Il presidente della Cia Giuseppe Politi esprime apprezzamento per i provvedimenti di carattere sociale. Dare certezze all’agricoltura.

“Bene l’aumento delle pensioni più basse, gli interventi sugli ammortizzatori sociali (in particolare quelle relative all’avviso comune sul lavoro irregolare in agricoltura) e gli
impegni per i giovani. E’, però, importante trovare anche le risorse per rafforzare la competitività delle imprese”. Così il presidente nazionale della Cia-Confederazione
italiana agricoltori Giuseppe Politi si è espresso sulle linee-guida del Dpef e sulle misure che il governo si appresta a prendere in materia sociale.
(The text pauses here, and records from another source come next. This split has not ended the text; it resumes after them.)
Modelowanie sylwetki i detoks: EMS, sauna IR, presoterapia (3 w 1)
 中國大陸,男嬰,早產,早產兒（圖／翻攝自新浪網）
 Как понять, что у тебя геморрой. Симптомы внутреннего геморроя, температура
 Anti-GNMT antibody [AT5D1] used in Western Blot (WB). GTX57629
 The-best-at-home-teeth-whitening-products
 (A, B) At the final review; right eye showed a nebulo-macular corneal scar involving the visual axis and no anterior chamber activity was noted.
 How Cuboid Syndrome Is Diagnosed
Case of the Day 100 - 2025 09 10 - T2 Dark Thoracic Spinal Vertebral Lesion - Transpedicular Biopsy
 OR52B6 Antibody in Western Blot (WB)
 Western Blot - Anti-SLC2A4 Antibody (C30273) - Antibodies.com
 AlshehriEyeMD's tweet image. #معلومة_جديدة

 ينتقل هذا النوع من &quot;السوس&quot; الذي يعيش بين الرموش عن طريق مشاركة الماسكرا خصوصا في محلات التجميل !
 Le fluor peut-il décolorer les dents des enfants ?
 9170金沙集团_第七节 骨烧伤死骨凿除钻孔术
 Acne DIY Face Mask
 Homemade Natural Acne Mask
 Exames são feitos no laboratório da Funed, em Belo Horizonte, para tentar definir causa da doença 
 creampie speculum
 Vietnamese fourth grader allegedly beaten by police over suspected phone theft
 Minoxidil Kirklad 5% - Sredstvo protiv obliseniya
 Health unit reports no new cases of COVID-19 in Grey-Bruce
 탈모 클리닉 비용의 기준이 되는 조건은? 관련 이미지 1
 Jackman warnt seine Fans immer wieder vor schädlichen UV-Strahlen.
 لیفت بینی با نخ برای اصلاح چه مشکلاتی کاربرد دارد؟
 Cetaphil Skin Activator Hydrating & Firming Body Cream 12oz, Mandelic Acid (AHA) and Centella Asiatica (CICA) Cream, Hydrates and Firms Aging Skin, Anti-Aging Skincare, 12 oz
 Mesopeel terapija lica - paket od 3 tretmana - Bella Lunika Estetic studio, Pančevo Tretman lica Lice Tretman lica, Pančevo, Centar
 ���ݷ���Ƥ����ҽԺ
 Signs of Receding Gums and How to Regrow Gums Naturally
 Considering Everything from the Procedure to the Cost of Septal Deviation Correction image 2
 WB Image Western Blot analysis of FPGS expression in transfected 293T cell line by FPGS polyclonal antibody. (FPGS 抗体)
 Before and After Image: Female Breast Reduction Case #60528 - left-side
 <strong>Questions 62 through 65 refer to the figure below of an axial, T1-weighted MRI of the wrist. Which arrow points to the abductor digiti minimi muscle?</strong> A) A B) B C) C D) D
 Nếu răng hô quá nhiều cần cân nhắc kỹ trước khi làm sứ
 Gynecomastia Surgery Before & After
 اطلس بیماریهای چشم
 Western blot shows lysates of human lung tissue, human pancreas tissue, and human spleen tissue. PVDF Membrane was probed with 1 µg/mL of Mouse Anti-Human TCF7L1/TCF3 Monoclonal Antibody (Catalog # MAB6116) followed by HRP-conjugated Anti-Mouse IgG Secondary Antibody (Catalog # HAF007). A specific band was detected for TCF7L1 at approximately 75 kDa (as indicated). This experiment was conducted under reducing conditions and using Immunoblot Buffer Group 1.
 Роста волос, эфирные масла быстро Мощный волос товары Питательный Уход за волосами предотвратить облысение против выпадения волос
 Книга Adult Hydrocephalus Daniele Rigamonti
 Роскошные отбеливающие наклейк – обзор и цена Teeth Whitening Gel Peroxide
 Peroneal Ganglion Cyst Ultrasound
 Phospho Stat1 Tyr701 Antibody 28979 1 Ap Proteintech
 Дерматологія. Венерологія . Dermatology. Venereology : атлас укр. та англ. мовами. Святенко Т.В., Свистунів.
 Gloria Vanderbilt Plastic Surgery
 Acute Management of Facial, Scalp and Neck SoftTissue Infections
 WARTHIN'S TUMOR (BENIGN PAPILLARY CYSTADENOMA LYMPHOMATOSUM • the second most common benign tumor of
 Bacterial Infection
“Sono condivisibili -commenta Politi- le scelte annunciate in campo previdenziale, proprio perchè risponde al profondo disagio sociale in cui vive una fascia importante della popolazione
italiana. Nostro auspicio è che in tali provvedimenti rientrino anche gli ex coltivatori e che venga decisa una perequazione per gli assegni famigliari degli ex lavoratori autonomi”.

“Come Cia -aggiunge il presidente- sollecitiamo anche una stabilizzazione fiscale per l’agricoltura, soprattutto per quello che concerne l’Irap, al fine di garantire agli agricoltori le
certezze necessarie per gestire in maniera valida le aziende”..

“Per questa ragione -conclude Politi- auspichiamo che nella manovra economica per il 2008 siano contenute misure in grado di dare slancio alla ripresa economica oggi in atto e di favorire lo
sviluppo e la competitività delle imprese, in particolare quelle agricole che si confrontano con una realtà sempre più difficile”.